Przewidywania wójta gminy Wielbark Grzegorza Zapadki, zamieszczone w poprzednim „Kurku”, że frekwencja w referendum może sięgnąć w jego gminie 8 procent, okazały się zbyt optymistyczne. W rzeczywistości była o ponad 2 procent niższa. W skali kraju odnotowano wynik niewiele lepszy. – W najczarniejszych nawet snach jeszcze do niedawna nie przyszłoby mi do głowy, że frekwencja w ogólnopolskim głosowaniu może być tak niska – mówi wójt Zapadka. Nie tylko w jego ocenie głównym winowajcą jest były prezydent Bronisław Komorowski, który rozpisał referendum tylko po to, by zachować władzę. Odpowiedzialność musi wziąć też na siebie Senat RP za to, że zaaprobował pomysł prezydenta. – Wszyscy oni przyczynili się do degradacji instytucji referendum. Skutki tego odczujemy przez najbliższe lata, bo ludzie będą się śmiać na słowo referendum, nawet wtedy gdy przyjdzie pora, aby ich zapytać o poważne sprawy dotyczące państwa – przewiduje wójt Wielbarka.

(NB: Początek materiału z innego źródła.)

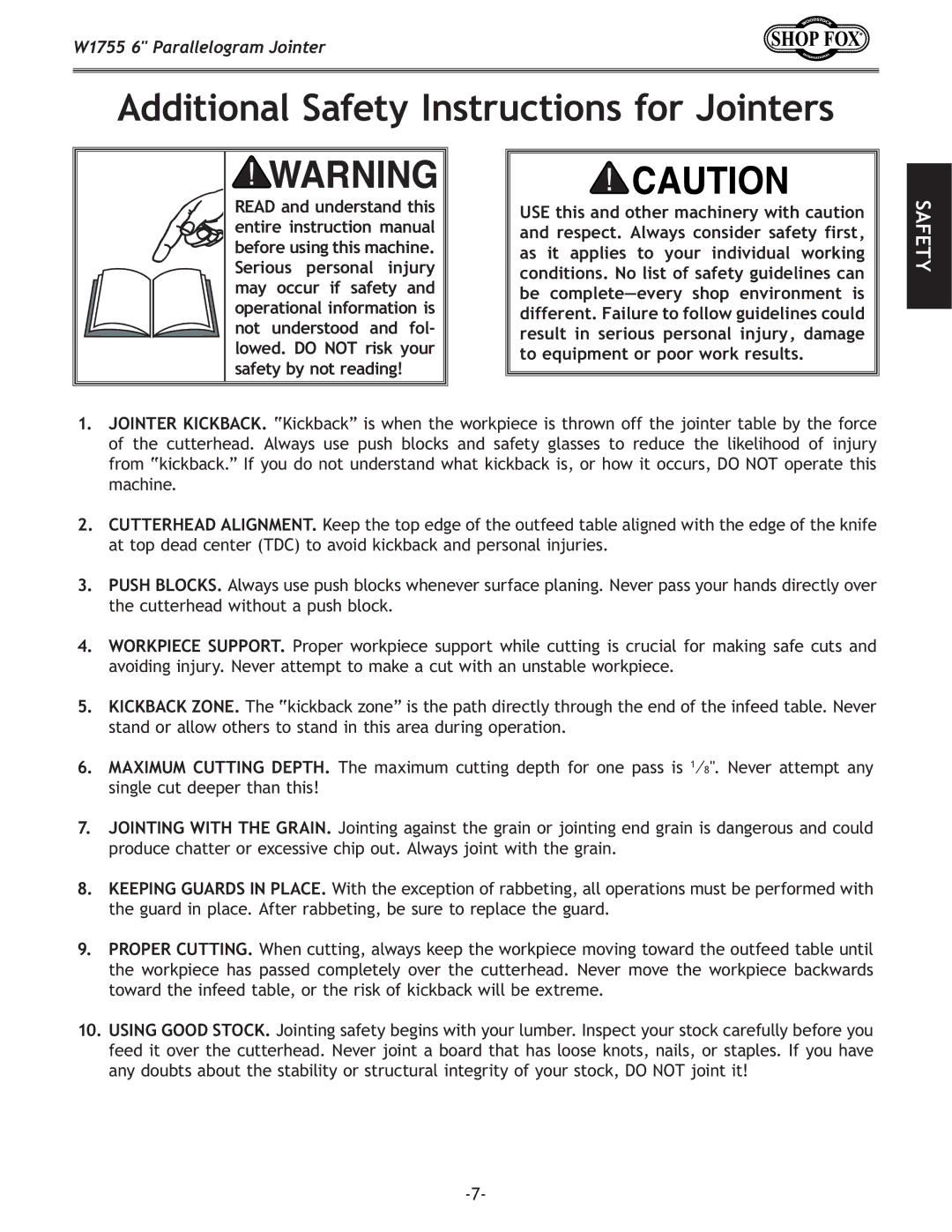 Woodstock W1755 owner manual Additional Safety Instructions for Jointers 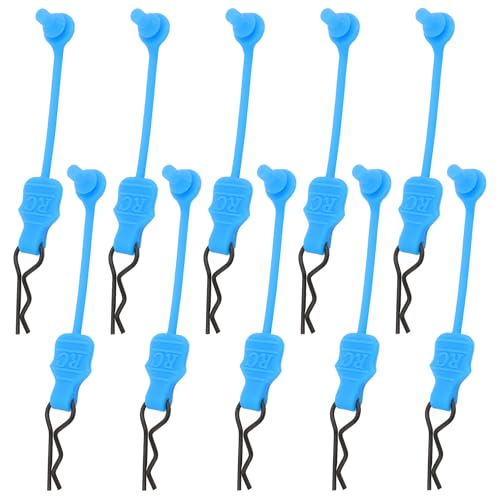 10 Pieces 1.2mm RC Body Shell Clips Pin with Pull Tabs Compatible with All 1/10 1/12 Scale Traxxas Arrma Redcat Axial Losi HSP HPI Kyosho RC Car Truck Crawler Body Shell Upgrades(Blue) - color: Light Blue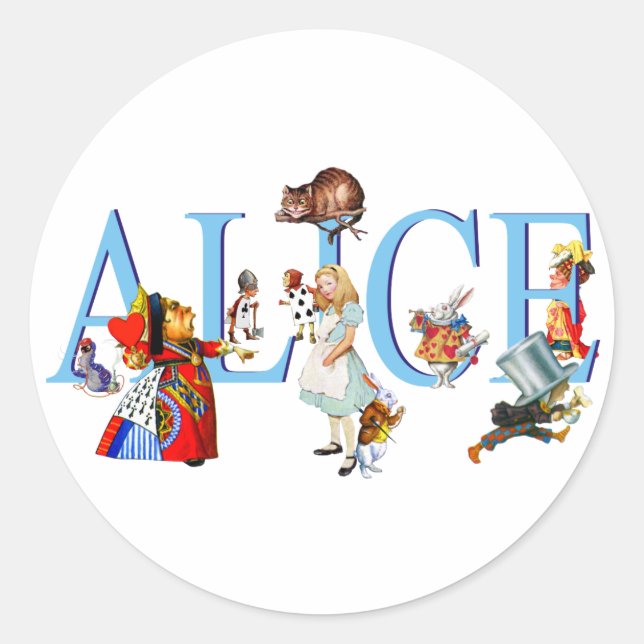 ALICE IN WONDERLAND & FRIENDS CLASSIC ROUND STICKER (Front)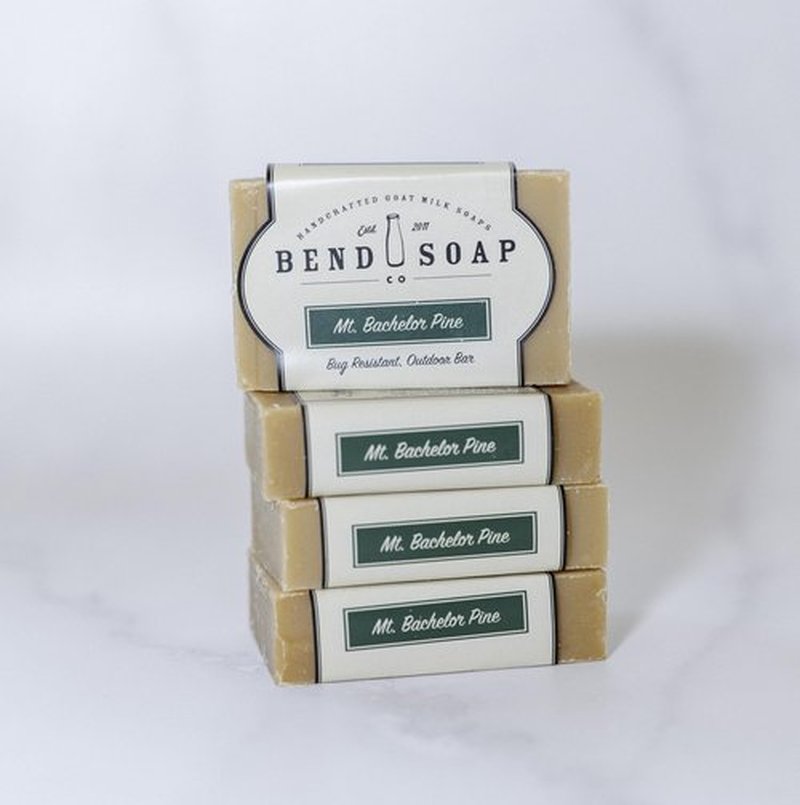 Bend Soap Company All Natural Handmade Goat Milk Soap for Dry Skin Relief, Mount Bachelor Pine, 4.5 oz Bars, 4 Pack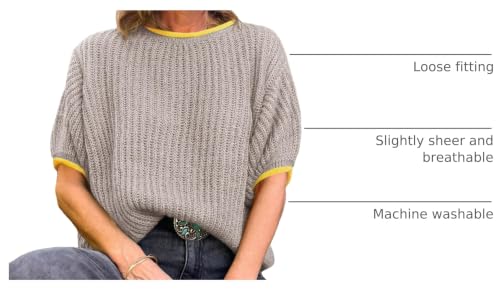 Image of Saodimallsu Womens Puff Short Sleeve Sweater Tops Spring Summer Color Block Ribbed Knit Crew Neck Going Out Shirts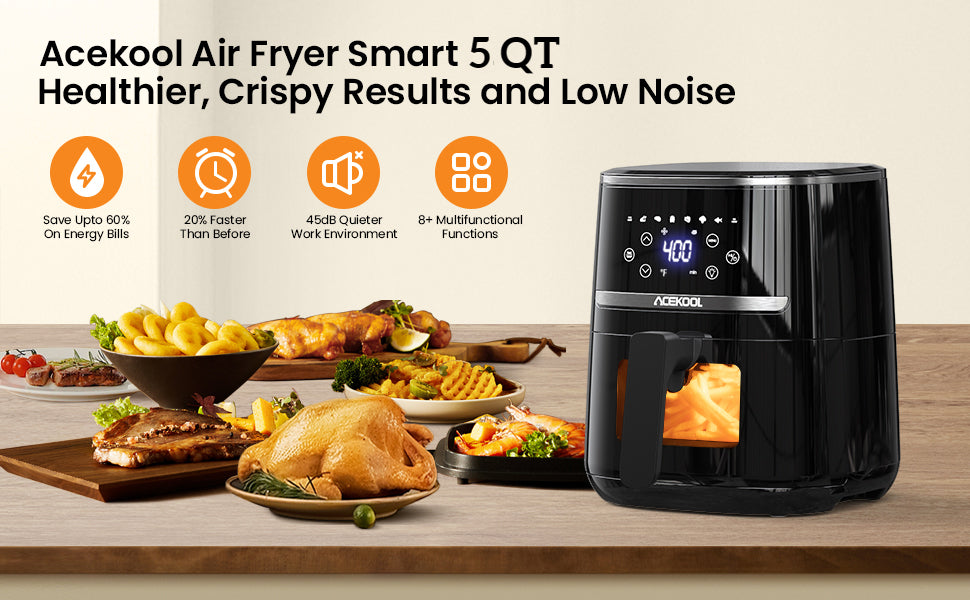 Acekool Air Fryer Smart 5 QT on a wooden table with food items and features listed.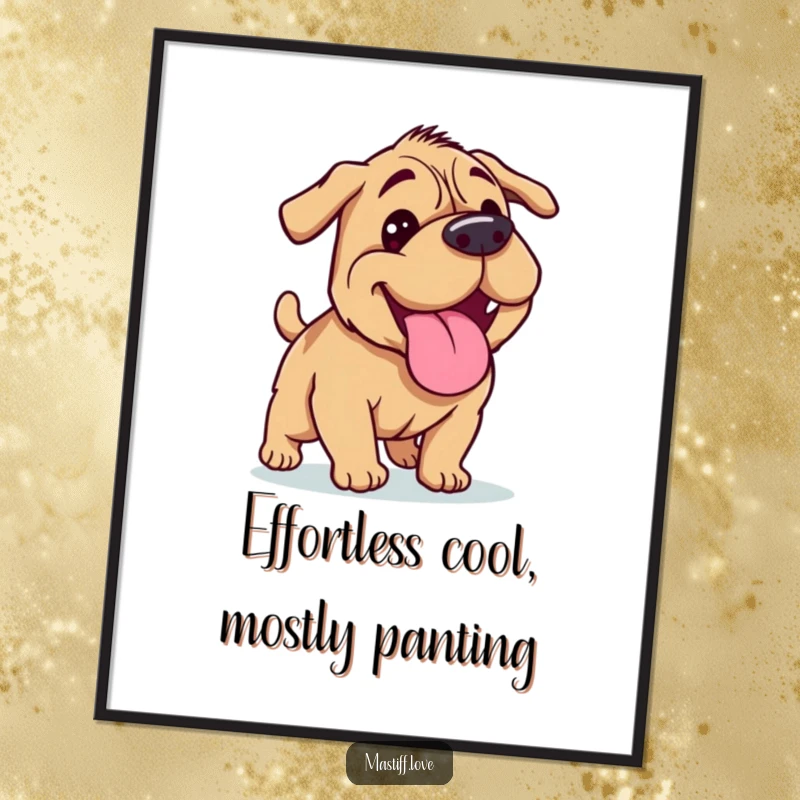 Funny Mastiff poster showing a happy dog panting with its tongue lolling out after a run, perfect for wall decor.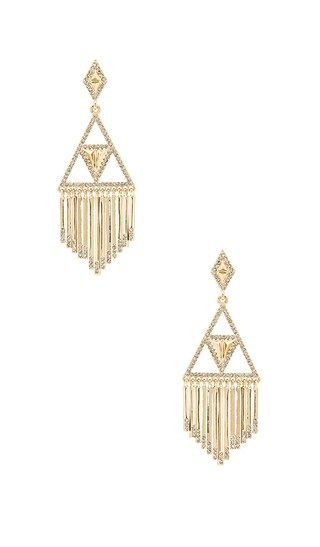 House of Harlow 1960 Golden Hour Fringe Earring in Gold | Revolve Clothing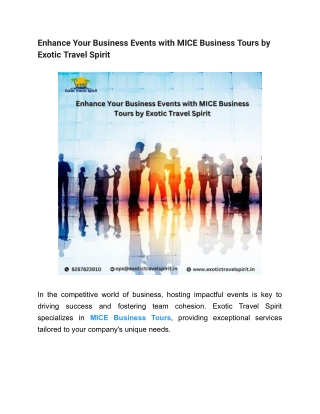 Enhance Your Business Events with MICE Business Tours by Exotic Travel Spirit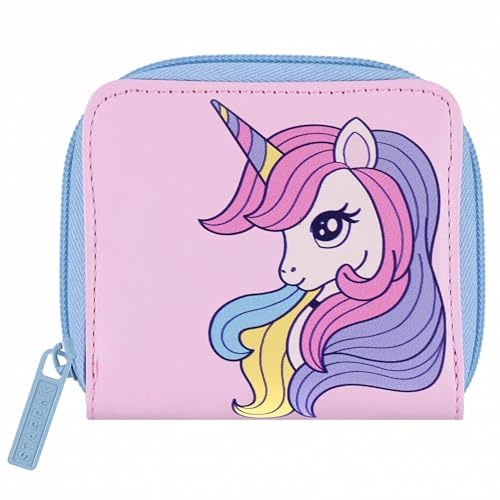 Einhorn Geldbörse für Mädchen mit Schloss, rosa, 9x10x2 cm (Rosa Einhorn)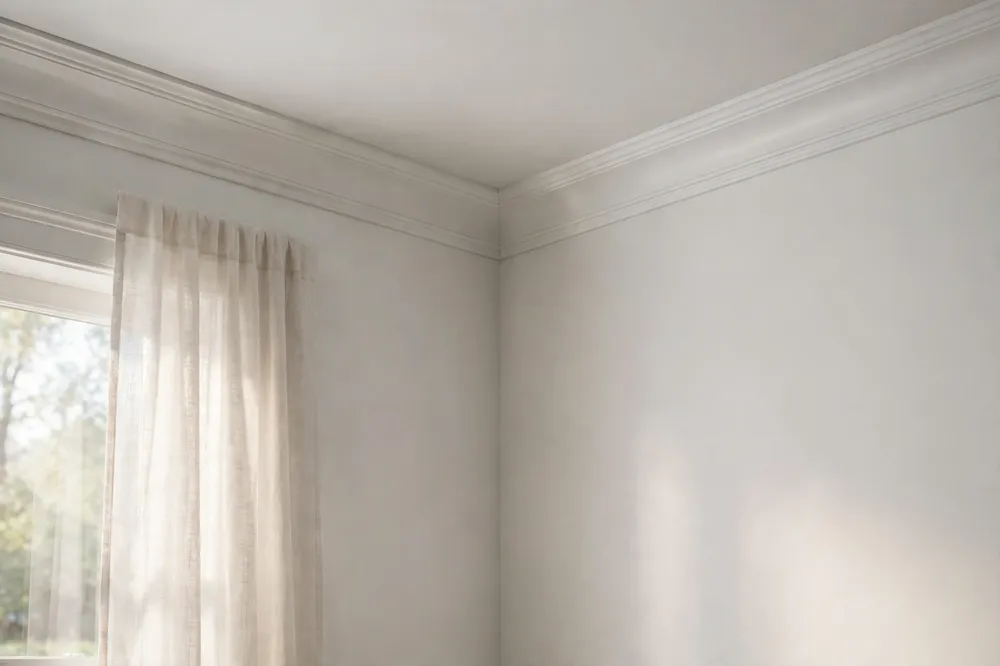 A finished room corner where two runs of crown molding meet in a tight, seamless inside corner near the ceiling, painted white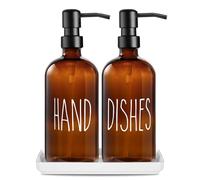 Set Premium Distributore Di Sapone In Vetro: 500ml/17oz Pack 2 Contenitori Per Sapone Liquido Per Mani Con Piattino In Ceramica,Inossidabile In Acciaio Pompa,Per Lavandino Della Cucina (Ambra)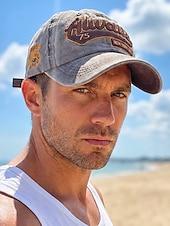 cheap Men's Hats-Men's Washed Cotton Baseball Cap, Adjustable Summer Hat, Lightweight Casual Travel Outdoor Hat, Vintage Urban Style, Multi-Color Cotton Cap for Summer Wear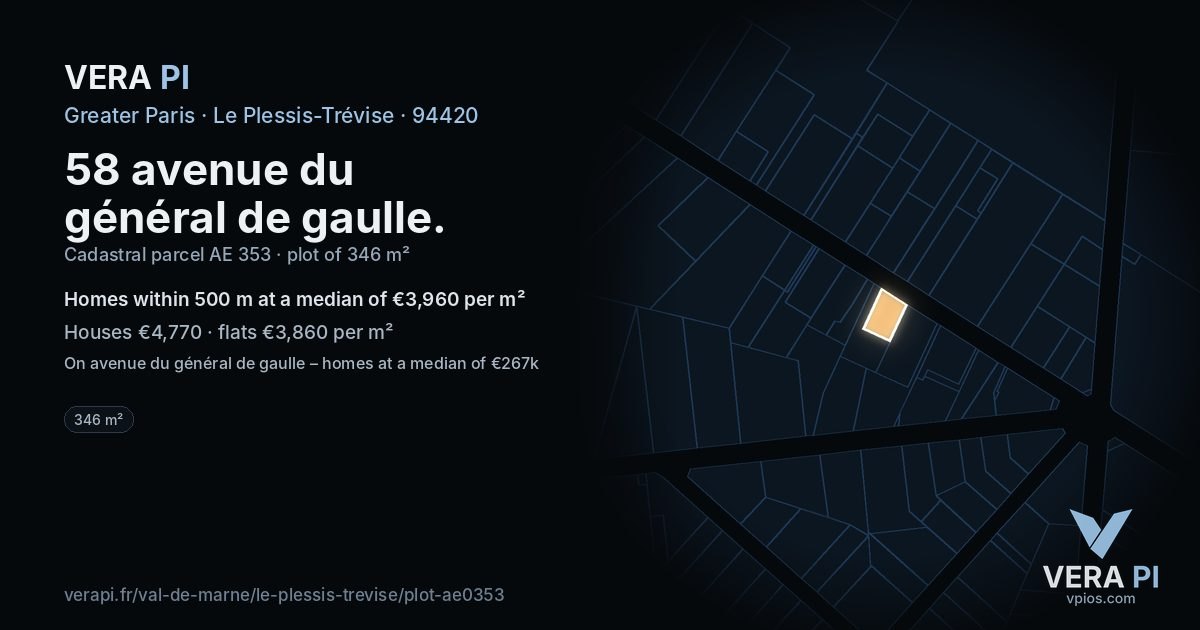 58 avenue du général de gaulle, Le Plessis-Trévise at night – the plot lit, the parcels around coloured by the prices near them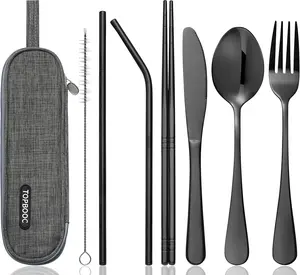 Travel Utensils Set with Case – 8-Piece Reusable Stainless Steel Camping Cutlery Set for Lunchbox, Office, School – Portable Fork Spoon Knife Chopsticks – Dishwasher Safe – Black Topbooc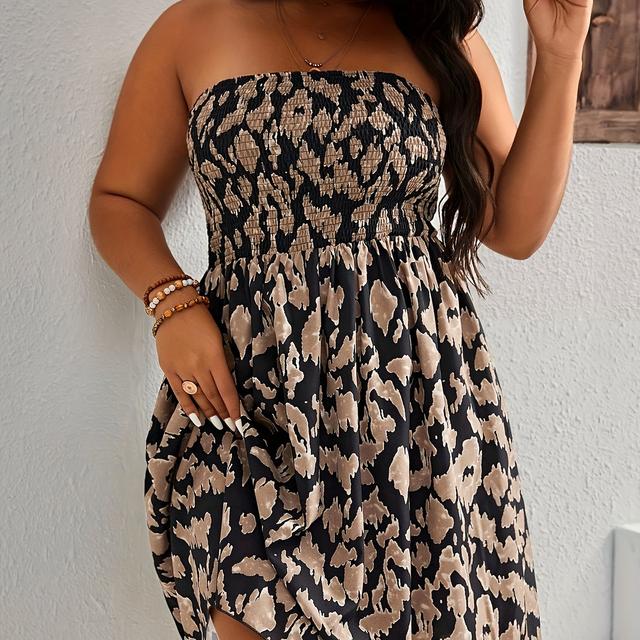 TEMU Plus Size Women's Sexy Off-shoulder Leopard Print Dress - Fitted Top & Flowy Skirt, Machine Washable Short Sleeveless Summer Dress For Vacation, Beach, Casual - Collection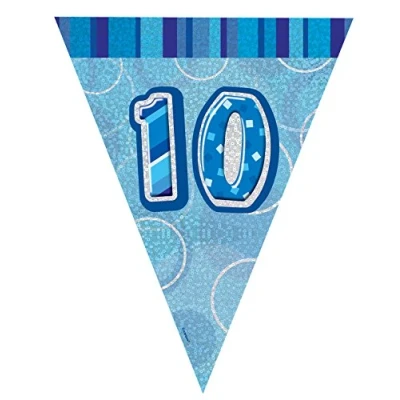 Image of Unique Party 92150 9ft Foil Glitz Blue Happy 10th Birthday Bunting Flags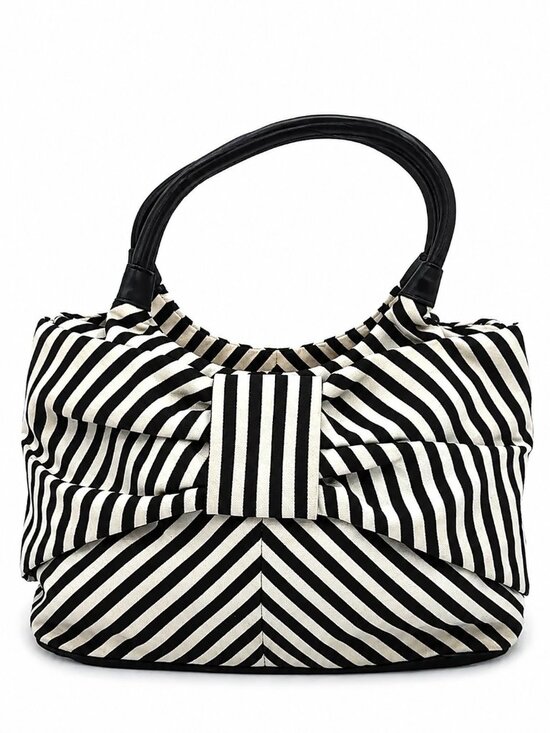 kate spade Handbags - Kate Spade Black White Canvas Striped Bow Handbag Purse Classic Chic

Koszt przeprowadzenia referendum, które ze względu na niską frekwencję okazało się nieważne, sięgnął 100 mln zł.
JAK GŁOSOWAŁ POWIAT SZCZYCIEŃSKI
Spośród uprawnionych do głosowania w powiecie szczycieńskim 56 680 mieszkańców w referendum udział wzięło 4163, czyli 7,34%.